Work required:
At the line containing "Quality Gold QG", begin an exact copy, and continue through the last line of the entries below. Leave out any pictures.

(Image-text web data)
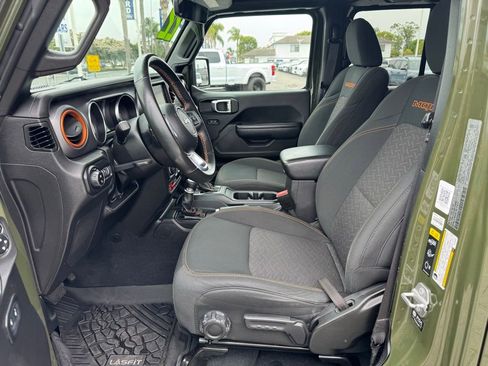 Used 2022 Jeep Gladiator Mojave AWD/4WD image 19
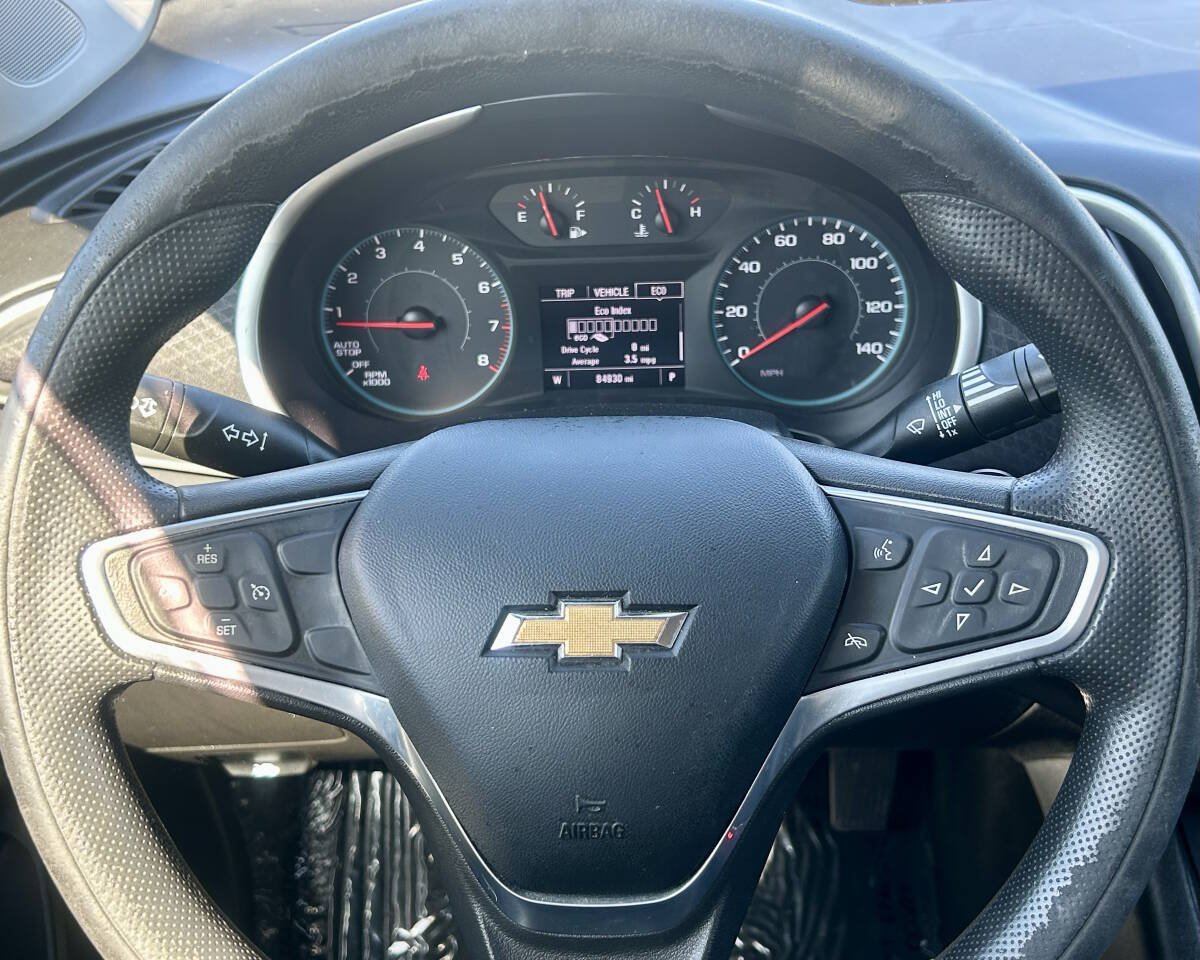 Used 2022 Chevrolet Malibu LT FWD image 18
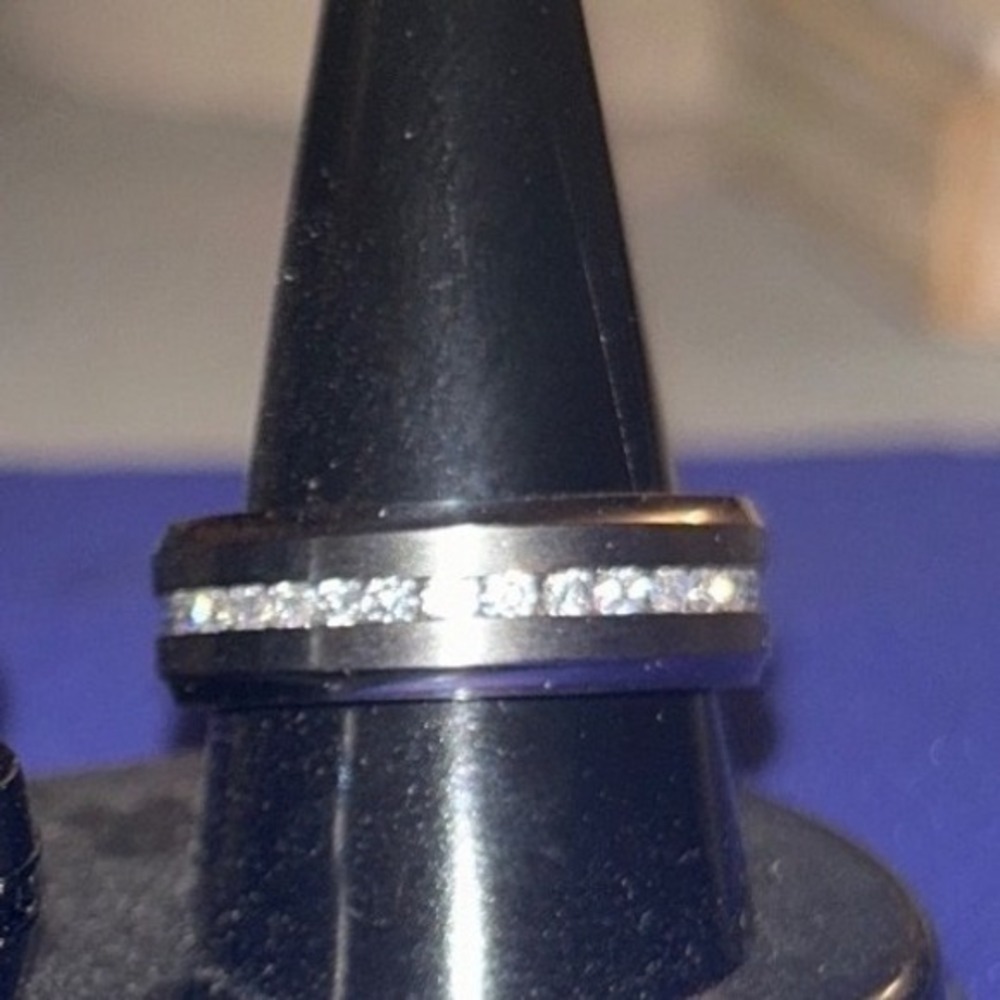 Quality Gold QG Mens Titanium Wedding Ban Ring Cubic Zirconia Size 8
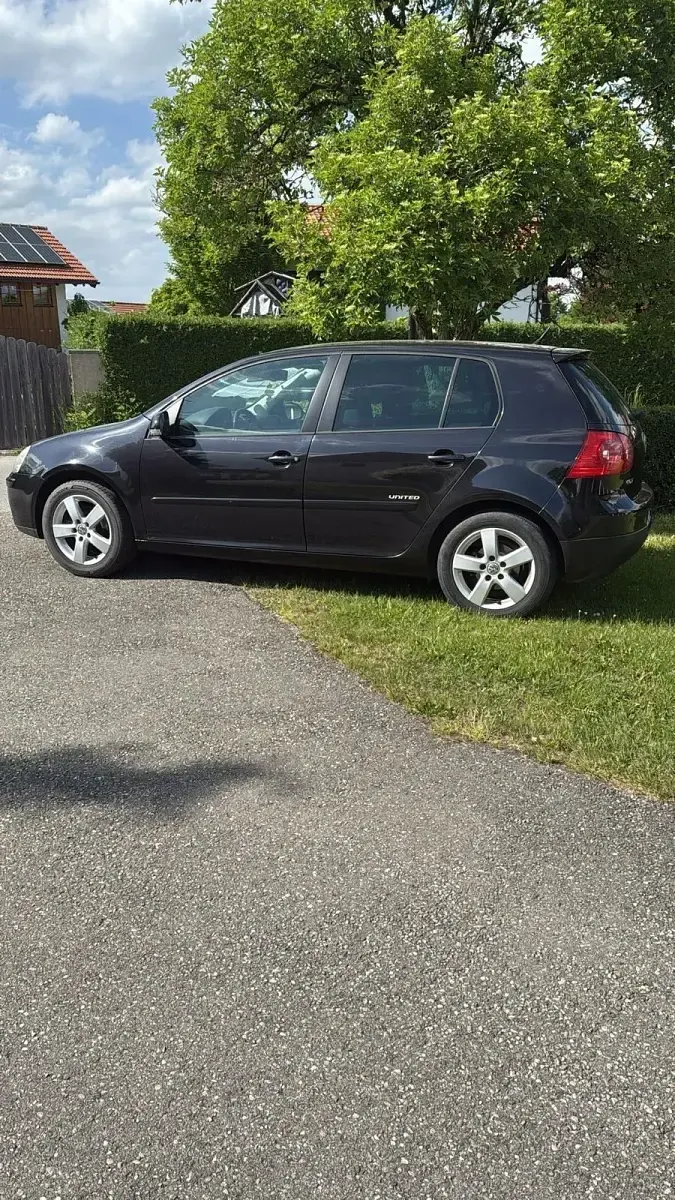 Gebraucht VW Golf V 75 PS (55 kW) 2008 Schwarz Kleinwagen
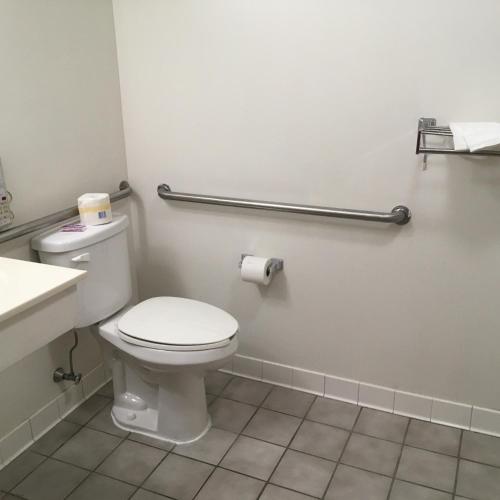 President Inn & Suites – Photos 3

Answer section:
 Quality Gold QG Mens Titanium Wedding Ban Ring Cubic Zirconia Size 8
 Gebraucht VW Golf V 75 PS (55 kW) 2008 Schwarz Kleinwagen
 President Inn & Suites – Photos 3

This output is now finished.